Sequential Setup?
Edward Hernandez R
ehernan3 at ford.com
Fri Feb 9 15:27:32 GMT 1996
"For sequential injection, most common method, is to time the injector
to CLOSE with the closing of the intake valve."
No, the most common method, among OEMS, is to inject while the valve
is closed. The onion analogy mentioned in a later post is a good one
once you get fuel into the chamber, but injecting onto a hot inlet
valve vaporizes a majority(not all) of the fuel before it gets into
the chamber. Also, some fuel which has piled up on the valve without
vaporizing gets sheared as it is dragged past the valve and seat,
reducing droplet size significantly. As good as injectors have become,
they still inject droplets, not vapor. Injecting past an open valve
will introduce these droplets into the chamber untouched, which, as
the onion analogy correctly describes, take longer to burn.

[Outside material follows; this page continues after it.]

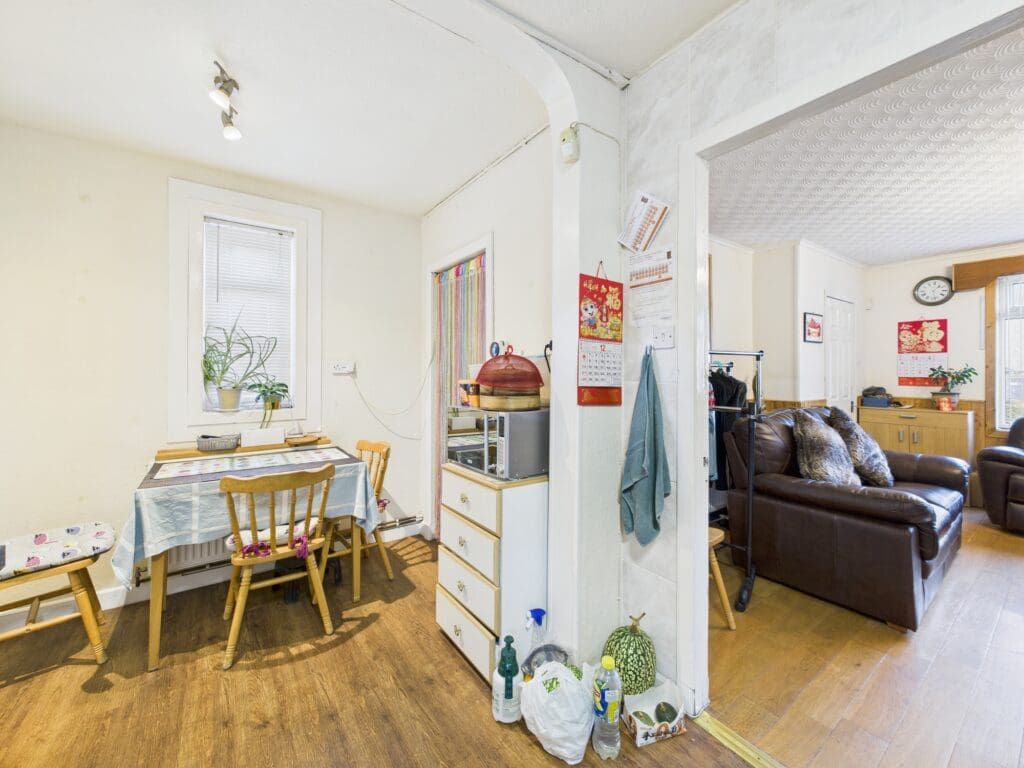 Property photo 3 of 12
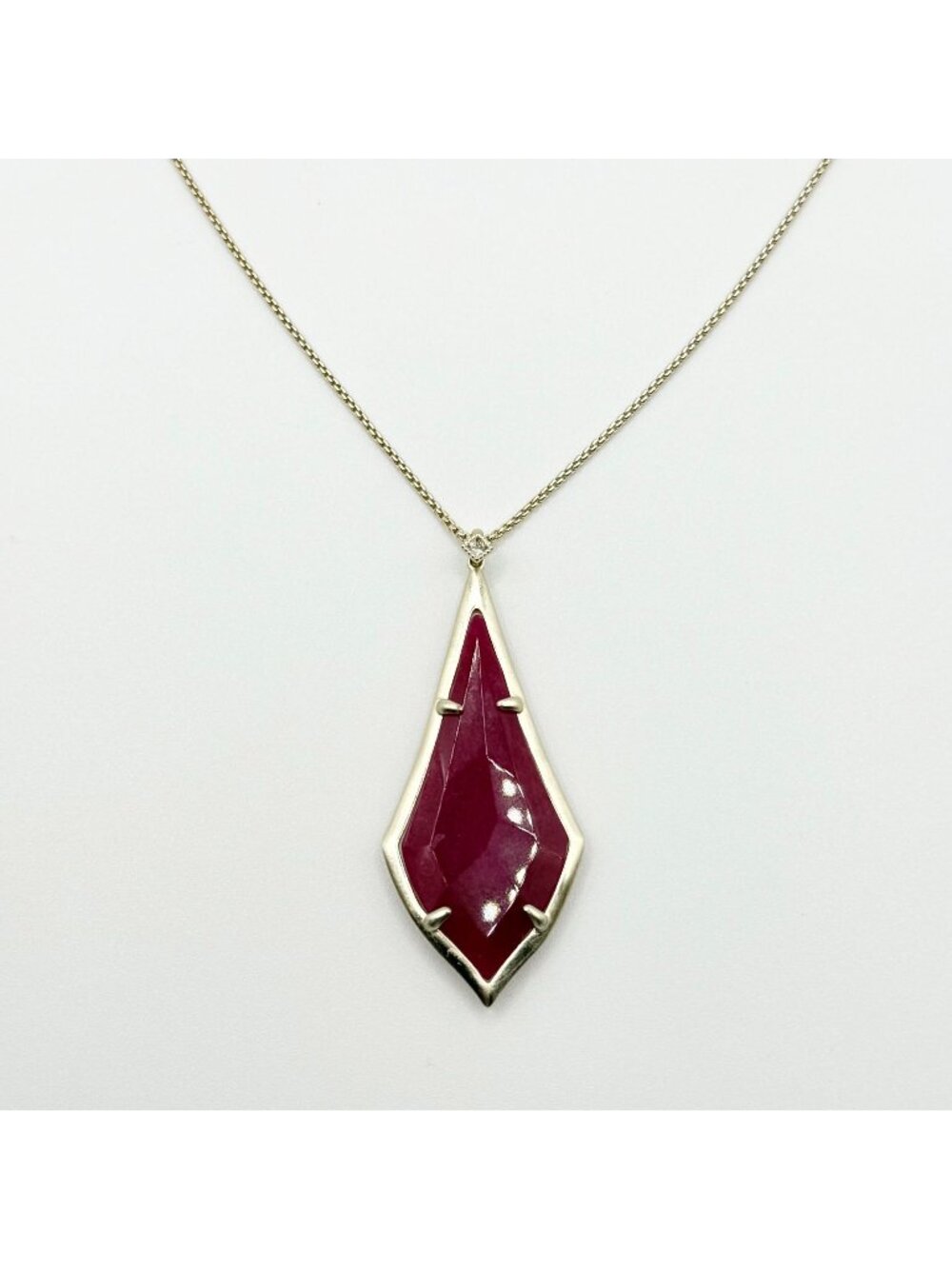 Kendra Scott Olivia Long Pendant Necklace In Maroon Jade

Furthermore, there is risk of washing the oil coating off of the
chamber walls during open valve injection, which puts engine durability(rings, pistons, bore finish) at risk.
"correct me if I'm wrong. when you go from hi vac to WOT, the only air
to enter the cylinders is previously measured air between the
throttle and the MAF and air passing through the MAF. So the only
error would be in not measuring that volume between T-body and MAF.
Unless the distance is large I don't see it as a problem."
You are correct, except that the volume between the throttle body and
the MAF is usually large enough to be a problem. Usually, that is.
Some applications are better then others when it comes to this
phenomenon.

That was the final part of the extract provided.